Several years ago, the FCC mandated that broadcasters utilize not only the traditional over-the-air “daisy-chain” broadcast EAS alerting system where emergency alerts are passed from one station to another but also utilize an Internet-based Common Alerting Protocol (“CAP”) system where warnings can be sent directly to stations (see, for example, our articles here and here). As part of the rules governing those CAP-formatted alerts, EAS systems were to be configured so that they would reject alerts that did not have valid digital certificates, so that only validated alerts would end up being broadcast on stations. Most of us have had experiences where some favorite website or internet network is rejected by our computer because of an expired digital certificate. It appears that the same thing has happened to the alerts sent by the Federal Emergency Management Agency’s Integrated Public Alert and Warning System (IPAWS). The IPAWS certificate is scheduled to expire on Friday, November 8, and updated digital certificates were only forwarded to many EAS devices last week. That means that, if these devices are not updated to include the new certificates by Friday, the FEMA IPAWS alerts would be rejected by the devices installed at broadcast stations and at other EAS participants. Obviously, that would present problems if alerts from the government’s principal agency dealing with emergency matters were routinely rejected – so the FCC yesterday issued a Public Notice to address the issue.

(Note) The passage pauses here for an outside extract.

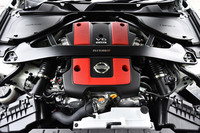 エンジンについては排気系をチューニングするとともに、専用のECUを採用。最高出力を355psに高めるとともに、高回転域まで途切れることなく伸びるエンジンフィールを実現している。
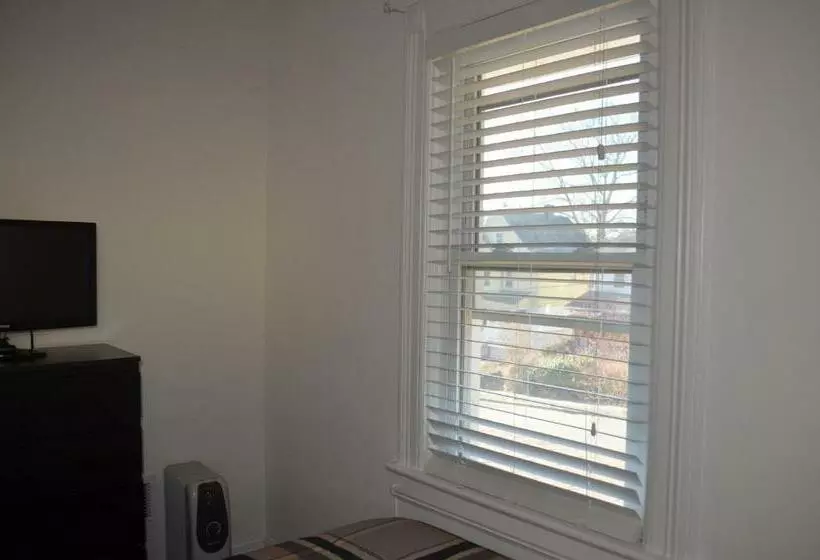 Majatalo Cozy Private Bedrooms Kitchen Wifi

According to yesterday’s Public Notice, if their EAS receivers become defective, broadcasters and other EAS participants can still be considered to be in compliance with FCC rules for a period of 60 days. Given the late distribution of the updated digital certificates, the FCC said that stations will have that 60-day period, until January 7, 2020, to update the digital certificates in their EAS devices so that they will accept the IPAWS alerts. The FCC cautions that broadcasters should work to get their devices updated as soon as possible. If, for any reason, they cannot get into compliance by January 7, they must seek FCC permission for continued operations after that date. The FCC notes that this issue does not affect broadcaster’s over-the-air operations, so alerts should still be able to be transmitted and received in the traditional manner, even if the Internet-based alerts are rejected by some devices. Stations should start now to update their CAP-based systems so that their digital certificates are up to date and can receive the IPAWS alerts as soon as possible.